Typically, when most people hear the word “gangs,” the usual connotation is that of boys and men. However, recent studies show that women and girls make up about 30% of the gang population and that most gangs are mixed-gender (Curry 1998, Miller and Brunson 2000, Sutton 2017). The experiences of gang-affiliated women remain under-theorized and understudied. Moreover, studies in criminology often dehumanize gang members and advance archaic ideas of inherent criminality. By utilizing a critical race theory (CRT) framework, I analyze how gang membership results from the intersection of racist practices and U.S. laws (Bell 1995, Crenshaw 1995, Ladson-Billings and Tate 1995, Solórzano, Ceja and Yosso 2000). This exploratory study demonstrates the complexities of how minoritized neighborhoods create a climate ripe for gang membership. By centering gang narratives, I highlight the myriad ways that people living in Southeast San Diego navigate gang culture and identity, gender expectations, and criminalization. Through a feminist standpoint lens, I employ the “docent method,” a qualitative place-based approach, to accompany 30 men and women gang members and affiliates on a walking or driving interview (Chang 2017).
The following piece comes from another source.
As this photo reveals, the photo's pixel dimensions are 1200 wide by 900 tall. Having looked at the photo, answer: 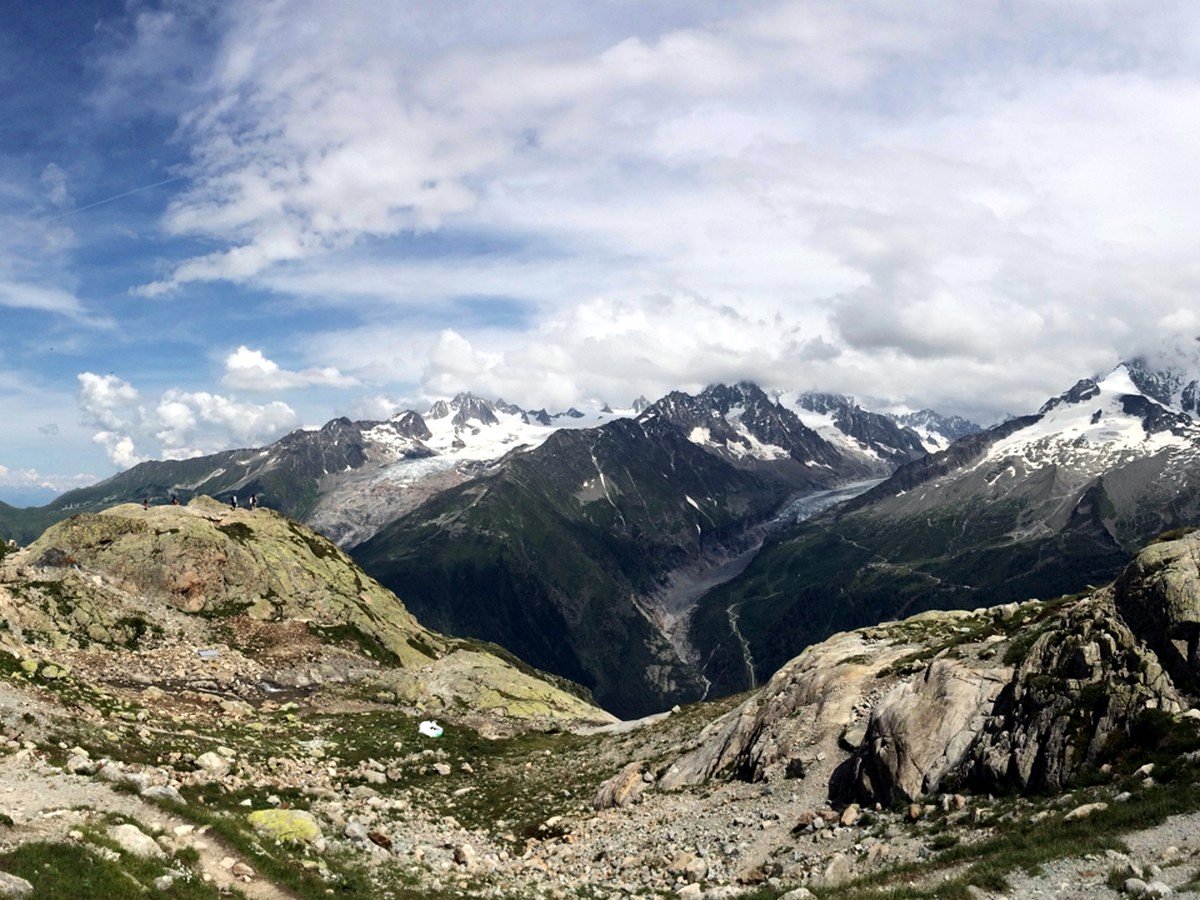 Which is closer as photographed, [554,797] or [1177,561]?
[1177,561]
My work challenges the one-sided, male-dominated research seen in gang literature. Black women gang members use their gang-affiliated identities as a tool to navigate violence within their neighborhoods. I argue that place-identity, shared gang identity, and "Black extraordinary adolescent trauma" bonds young men and women into "gang kinship networks." In addition, I offer alternative narratives to the stereotype of violent gang members. While on the one hand, there are instances where men gang members adopt conventional patriarchal norms of masculinity, on the other hand, they can exhibit caring attitudes towards people within their gang kinship network. Finally, I argue that low-income minoritized youth are subject to “legal violence” routinely practiced by local law enforcement (Menjívar and Abrego 2012). The legal jurisdictions of gang documentation, gang injunctions, and policing practices interlink with social conditions to cause social suffering (Menjívar and Abrego 2012). These punitive laws create additional barriers for documented gang members, trapping them in the cycle of re-offending, and blocking Black and Latinx youth from upward mobility.